Messages makes for a disquieting first impression—it’s tempting to conclude that nothing really happens, at least nothing of substance. The sung text comprises a list of Judaic and Persian angels—144 of them, no less—which is intoned solemnly through music emanating from a pair of diatonic chords. Harvey’s programme note (see below) cites the nine hierarchies of angels and the concomitant seven heavens, but while that starts to bespeak the kind of hieratic language one associates with Olivier Messiaen (and which is understandably off-putting to those of a more secular persuasion), there’s precisely nothing in the music that makes either lists or numbers feel remotely relevant. In truth, the music seems semi-improvisatory, guided by the words which, in a sense, don’t matter, being as they are merely the vehicle for a work that aspires to tap into and draw deeply on the transcendent heights of heaven in which these angelic forms are traditionally placed. The slow-moving, occasionally borderline-static choral movement is embedded within and borne aloft by opulent textures from the orchestra, encrusted with glinting percussion including the sparkling jangle of a cimbalom. There is a structure—or, at least, an order—of sorts in Messages, but Harvey’s language is such that keeping hold of one’s bearings often feels difficult, which is quite remarkable considering the work’s sedate pace. The underlying triadic sense, arising from those two fundamental chords of E-flat and D-flat, results in a harmonic language that is at once familiar and alien (another echo of Messiaen), endlessly mobile, never resting for more than a moment; it’s entirely fitting that a work so utterly focused on the sacred should sound comfortable and unsettling simultaneously. To mention Messiaen one more time, the piece as a whole brings to mind what Robert Sherlaw Johnson described as his “ecstatic” idiom, where a single idea is conveyed by a music that is transfixed by the dazzling light and intensity of its own inner profundity. Only in that sense, to return to my initial point, could Messages be described as a piece where nothing really happens; on the contrary, something is happening, but its scale and scope aspire to nothing less than the infinite.

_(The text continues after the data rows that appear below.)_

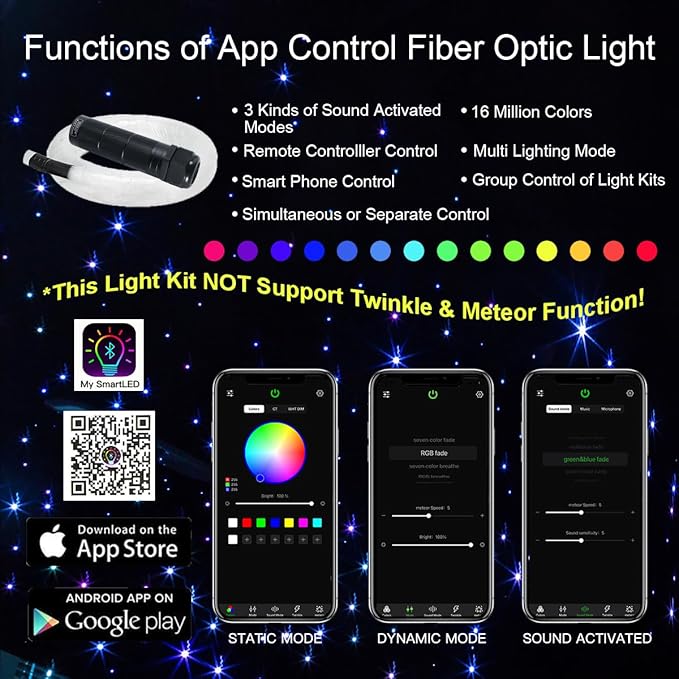 AKEPO APP 6W Mini Size Starlight Headliner Fiber Optic Lights Kit, 200pcs 0.03in/0.75mm 6.5ft/2m Optical Fibers+Music Activated Function+Remote/APP Control Star Ceiling Light Kits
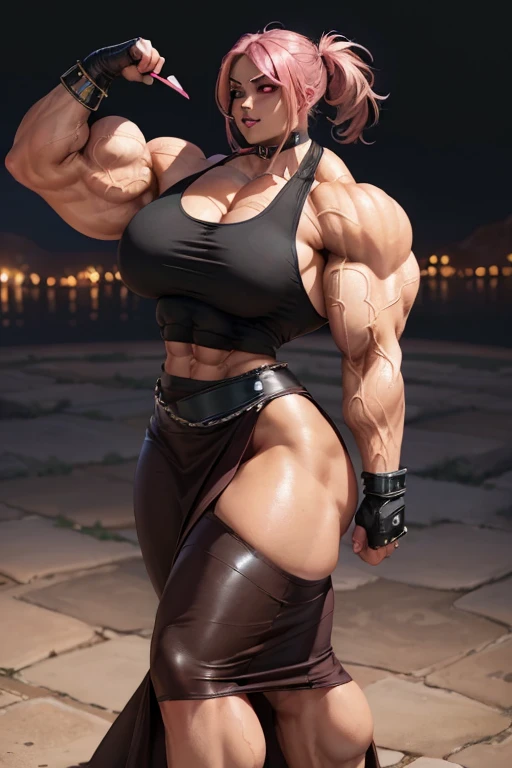(((((Massive, beautiful, light brown skinned, buff, muscular woman with shocking pink hair, black lipstick, glowing red eyes, ginormous bulky muscles and wearing a white maxi top with pencil maxi skirt))))), (close view), (massive muscle), massive biceps, hyper muscle shoulders, vascular shoulders, hyper muscle triceps, (angled bob cut), red eyes, maxi top, (leather gauntlets), maxi skirt, chain belt, choker, thigh high heels, (in a moonlit field), fingerless gloves, closed smile, night, hyper vascular arm, hyper muscles arms, hyper muscle legs, massive arms.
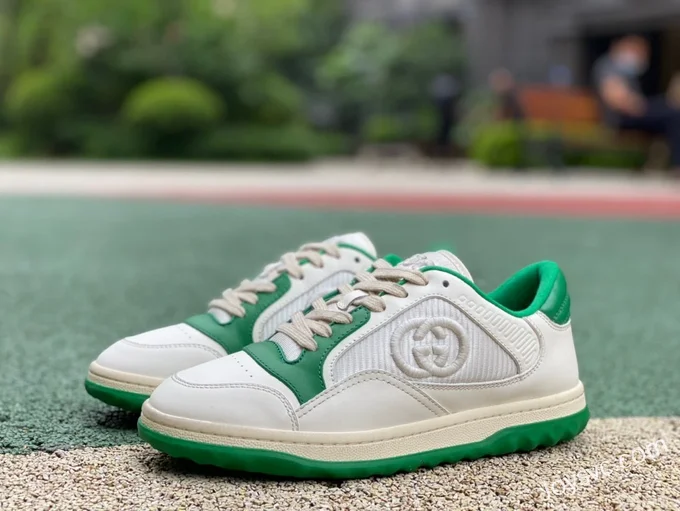 Gucci MAC80 White Green Distressed Leather Low Top Fashion Sneakers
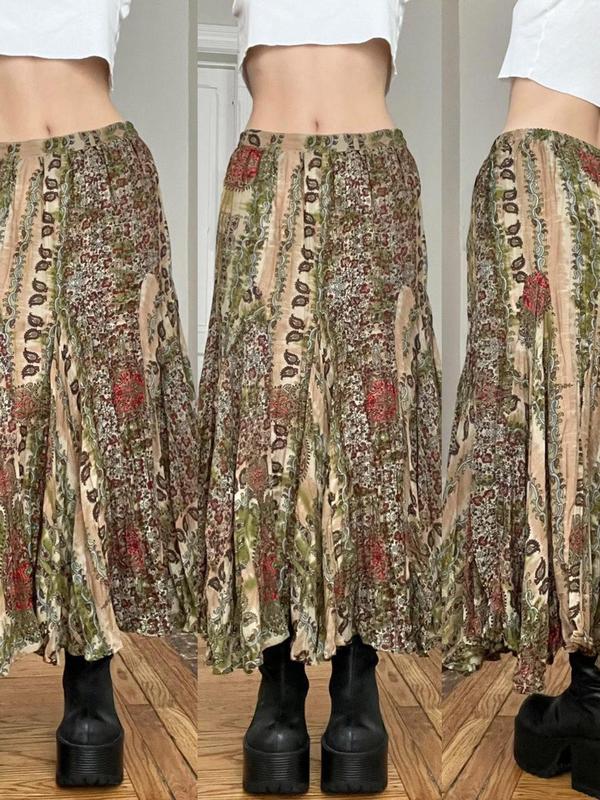 Women's All Over Print Flared Skirt, Boho Fashion Casual Long Skirt for Daily Holiday Vacation Wear, Women Bottoms for Fall & Winter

In light of Jonathan Harvey’s passing, i find the conclusion of Messages to be especially moving, the twin oscillating chords – which Harvey likened to breathing – gradually losing their pitch and seemingly turning from substance into gas, diffusing into the aether. One can only imagine that Harvey himself now resides with these very angels.
Commissioned by the Rundfunkchor Berlin and its Chief Conductor, Simon Halsey (Commissioner I) and Fundación Patronata de la Semana de Musica Religiosa de Cuenca (Commissioner II). The text of Messages consists entirely of the names of Judaic and Persian angels. The choir can be thought to invoke angels, as in the great Renaissance and Baroque pictures of angel choirs, many of whom not only sing, but play Baroque instruments. Equally the choir can be imagined as being angels, bringing their spiritual messages to mankind. There is an echo of late Renaissance/early Baroque instrumental style to be heard in the opening ‘continuo’ flourish. The nine hierarchies angels are situated in the seven heavens, the seventh where the throne of God is usually said to reside, according to tradition. The music moves through the seven heavens in order. In the second heaven, St. Paul’s comment in the Letter to the Hebrews (1:7) “He maketh the winds his angels” is allowed to suggest a musical closeness to this force of nature, and to the invisible mobility of angelic beings. In the fifth heaven distant brass call to each other from ‘outer space’, mirroring the role of several angels who ‘announce’ with trumpets.